* [Activity] Repeat exactly the lines of the material below that run from the "Vedo che continua" line to the "You can either" line, including both, and do not carry over any pictures.

* [Provided records]
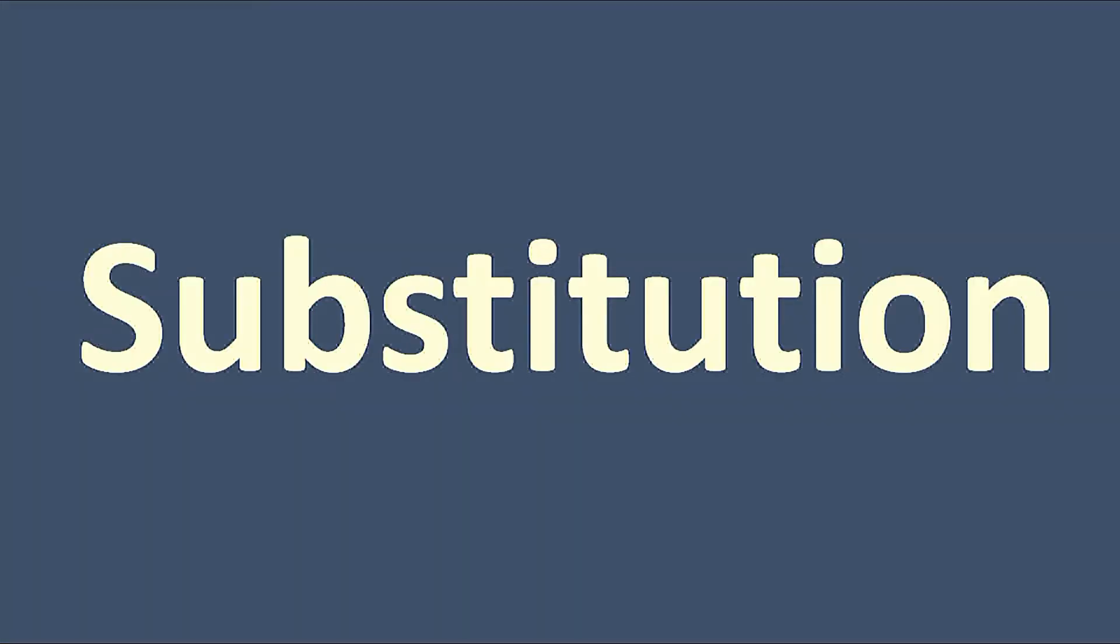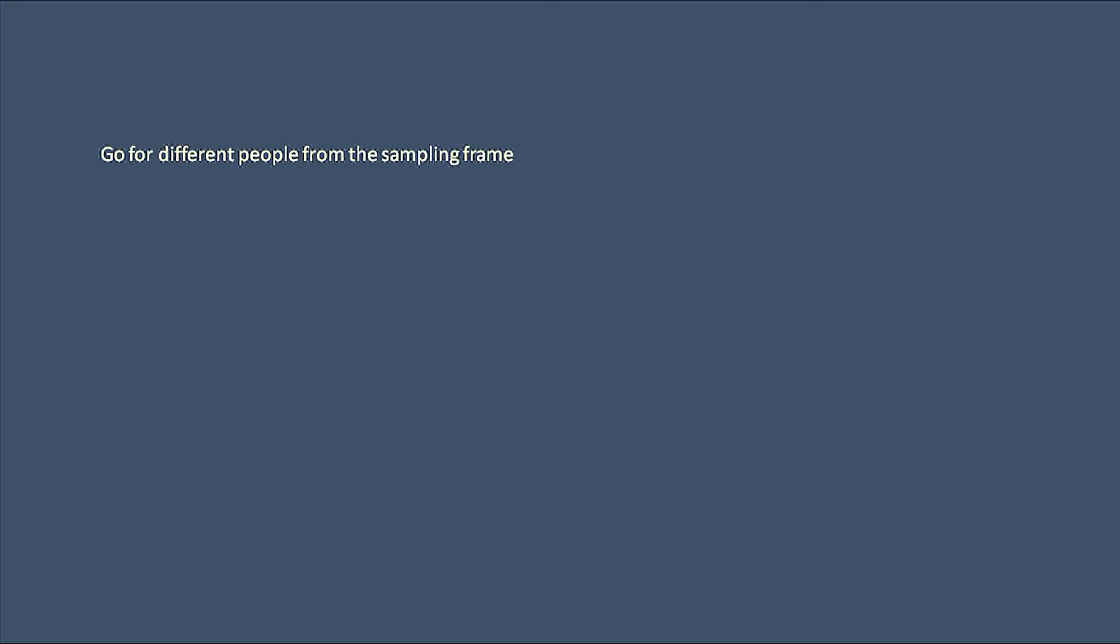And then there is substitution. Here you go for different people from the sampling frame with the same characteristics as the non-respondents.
...
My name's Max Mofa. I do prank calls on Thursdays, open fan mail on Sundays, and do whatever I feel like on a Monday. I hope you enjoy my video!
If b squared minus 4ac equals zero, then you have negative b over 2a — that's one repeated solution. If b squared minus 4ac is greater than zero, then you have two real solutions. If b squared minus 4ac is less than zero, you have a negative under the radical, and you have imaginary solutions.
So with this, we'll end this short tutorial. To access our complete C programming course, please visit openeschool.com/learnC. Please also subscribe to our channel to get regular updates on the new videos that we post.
---
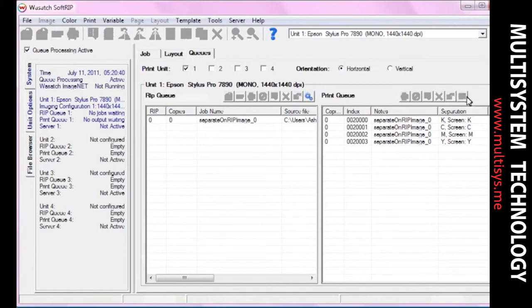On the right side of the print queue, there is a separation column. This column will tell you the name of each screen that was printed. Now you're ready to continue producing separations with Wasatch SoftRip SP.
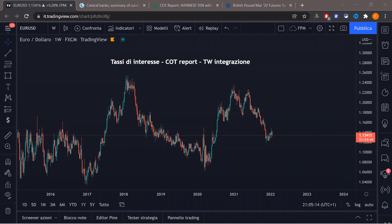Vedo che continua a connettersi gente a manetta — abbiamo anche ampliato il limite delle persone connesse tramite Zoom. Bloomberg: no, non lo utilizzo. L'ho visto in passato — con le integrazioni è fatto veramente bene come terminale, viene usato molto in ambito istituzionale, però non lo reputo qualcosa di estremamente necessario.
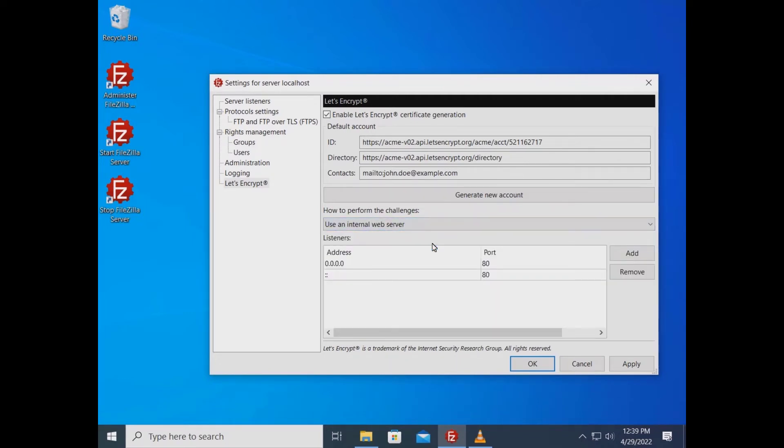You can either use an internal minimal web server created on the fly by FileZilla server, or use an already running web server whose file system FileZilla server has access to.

* [Task result]
Vedo che continua a connettersi gente a manetta — abbiamo anche ampliato il limite delle persone connesse tramite Zoom. Bloomberg: no, non lo utilizzo. L'ho visto in passato — con le integrazioni è fatto veramente bene come terminale, viene usato molto in ambito istituzionale, però non lo reputo qualcosa di estremamente necessario.
You can either use an internal minimal web server created on the fly by FileZilla server, or use an already running web server whose file system FileZilla server has access to.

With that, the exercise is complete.